Он кивнул. Они оба побывали в одних и тех же местах, и все-таки не встретились.
— Джемми ранило в грудь, а вскоре папу — в живот. Обе раны оказались смертельными. Тряска в повозке была для них невыносима, поэтому мне пришлось найти опустевшую ферму, и там я оставалась с ними, пока оба не умерли.

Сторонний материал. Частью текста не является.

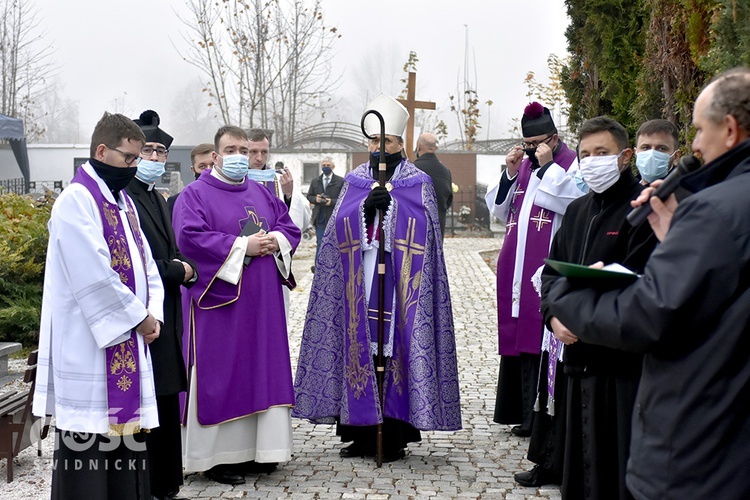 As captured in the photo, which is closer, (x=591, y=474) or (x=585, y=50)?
(x=591, y=474)

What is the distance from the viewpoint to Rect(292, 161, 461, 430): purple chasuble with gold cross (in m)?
5.94

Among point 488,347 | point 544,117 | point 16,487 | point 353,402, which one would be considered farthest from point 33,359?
point 488,347

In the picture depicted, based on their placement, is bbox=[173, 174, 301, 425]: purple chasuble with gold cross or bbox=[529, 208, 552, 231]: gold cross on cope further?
bbox=[529, 208, 552, 231]: gold cross on cope

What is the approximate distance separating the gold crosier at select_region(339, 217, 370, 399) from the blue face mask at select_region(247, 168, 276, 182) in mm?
1190

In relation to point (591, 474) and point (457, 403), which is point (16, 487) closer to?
point (457, 403)

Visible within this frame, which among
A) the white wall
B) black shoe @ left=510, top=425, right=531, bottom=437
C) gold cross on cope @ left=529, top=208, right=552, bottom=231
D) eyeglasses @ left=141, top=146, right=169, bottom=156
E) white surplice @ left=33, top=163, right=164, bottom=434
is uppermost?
the white wall

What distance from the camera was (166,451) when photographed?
5.02 metres

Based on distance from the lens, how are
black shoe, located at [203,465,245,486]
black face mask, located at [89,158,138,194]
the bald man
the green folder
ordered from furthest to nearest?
the bald man, black shoe, located at [203,465,245,486], black face mask, located at [89,158,138,194], the green folder

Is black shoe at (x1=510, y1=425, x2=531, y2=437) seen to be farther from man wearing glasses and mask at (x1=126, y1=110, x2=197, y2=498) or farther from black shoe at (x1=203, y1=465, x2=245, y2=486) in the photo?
man wearing glasses and mask at (x1=126, y1=110, x2=197, y2=498)

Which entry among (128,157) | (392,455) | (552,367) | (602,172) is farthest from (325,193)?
(602,172)

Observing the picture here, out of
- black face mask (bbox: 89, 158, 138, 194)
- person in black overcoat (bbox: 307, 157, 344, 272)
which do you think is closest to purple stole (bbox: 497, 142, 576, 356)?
black face mask (bbox: 89, 158, 138, 194)

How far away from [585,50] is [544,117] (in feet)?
11.1

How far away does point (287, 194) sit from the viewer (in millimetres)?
8008

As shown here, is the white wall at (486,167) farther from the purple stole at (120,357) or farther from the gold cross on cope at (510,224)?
the purple stole at (120,357) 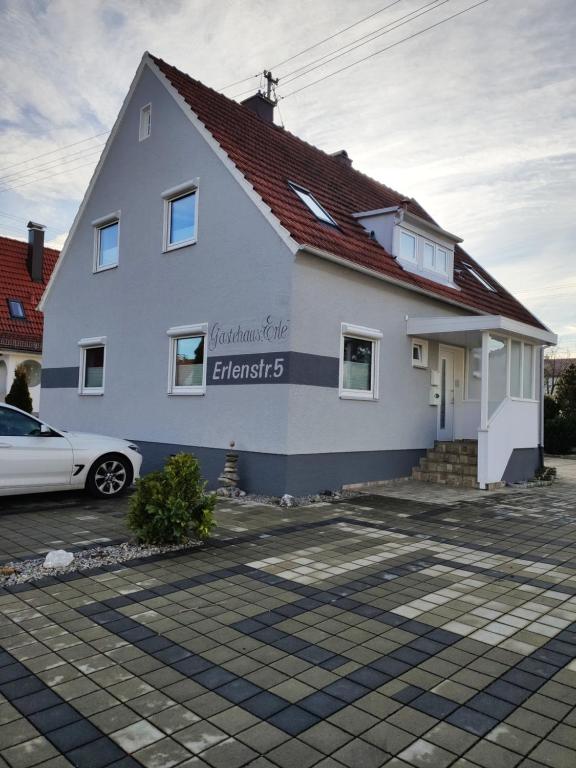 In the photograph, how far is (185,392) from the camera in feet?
36.5

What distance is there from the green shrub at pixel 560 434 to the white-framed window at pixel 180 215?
16442 mm

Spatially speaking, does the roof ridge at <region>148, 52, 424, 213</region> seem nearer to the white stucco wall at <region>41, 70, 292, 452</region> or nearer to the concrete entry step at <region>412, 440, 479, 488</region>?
the white stucco wall at <region>41, 70, 292, 452</region>

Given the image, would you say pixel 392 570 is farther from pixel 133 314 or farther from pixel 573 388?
pixel 573 388

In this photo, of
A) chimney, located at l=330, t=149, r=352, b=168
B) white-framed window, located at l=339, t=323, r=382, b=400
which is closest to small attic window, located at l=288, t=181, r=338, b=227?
white-framed window, located at l=339, t=323, r=382, b=400

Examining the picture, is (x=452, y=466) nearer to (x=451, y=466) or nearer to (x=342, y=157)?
(x=451, y=466)

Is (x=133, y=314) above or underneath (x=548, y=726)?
above

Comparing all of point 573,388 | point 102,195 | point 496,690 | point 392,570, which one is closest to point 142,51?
point 102,195

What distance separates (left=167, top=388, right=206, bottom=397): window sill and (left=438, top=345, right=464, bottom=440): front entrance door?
5445 millimetres

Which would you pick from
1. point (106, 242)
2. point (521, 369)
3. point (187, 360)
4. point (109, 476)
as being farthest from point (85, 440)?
point (521, 369)

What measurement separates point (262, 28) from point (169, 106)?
315 cm

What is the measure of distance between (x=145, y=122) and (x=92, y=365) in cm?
576

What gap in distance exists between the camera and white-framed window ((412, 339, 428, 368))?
39.8 ft

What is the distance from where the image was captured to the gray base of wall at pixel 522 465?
39.9 feet

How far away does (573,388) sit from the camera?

В этом простом заявлении сквозило такое вселенское горе, что Джек почувствовал, как ухнуло его сердце.
— Думаю, вам пора спать.
Он поднялся, протянул руку, чтобы помочь ей встать, потом вдруг обнял ее и крепко прижал к своему большому теплому телу.
Это объятие было почти бесстрастным, лишь защищающим и успокаивающим своей силой и теплом, и она прижалась к Джеку, слушая биение его сердца, желая, чтобы эта минута длилась вечно. Кейт не думала, что когда-нибудь кто-то снова вот так ее обнимет, и отчаянно держалась за Джека, наслаждаясь его теплом, силой и нежностью.
Он нагнулся, мягко приподнимая ее лицо к своему. Они смотрели друг другу в глаза, потом он склонил свою темноволосую голову, и их губы встретились в долгом нежном поцелуе.
Марта всхрапнула во сне и зашевелилась, просыпаясь. Джек с Кейт мигом очутились в разных углах комнаты: Кейт помогала встать старой няне, а Джек небрежно прислонился к стене, и его лицо снова скрыла тень.
* * *
«Скорее всего, это портвейн», — в сотый раз повторяла про себя Кейт, когда, готовя прессованный творог, отделяла массу от сыворотки. С того вечера они почти не разговаривали. По правде говоря, Джек всеми силами избегал ее. Кейт догадывалась, что он сожалеет о порыве, заставившем поцеловать ее. И, хотя она никогда не стала бы жалеть о таком волшебном мгновении, она понимала, что должна.
Поэтому Кейт решила забыть беседу у камина и то удивительное объятие, после которого она словно плыла до своей спальни. Решение оказалось не из легких, но она неплохо справлялась: вспоминала о поцелуе не более дюжины раз в день, после чего начисто изгоняла его из головы. Она очень уставала от своих греховных мыслей.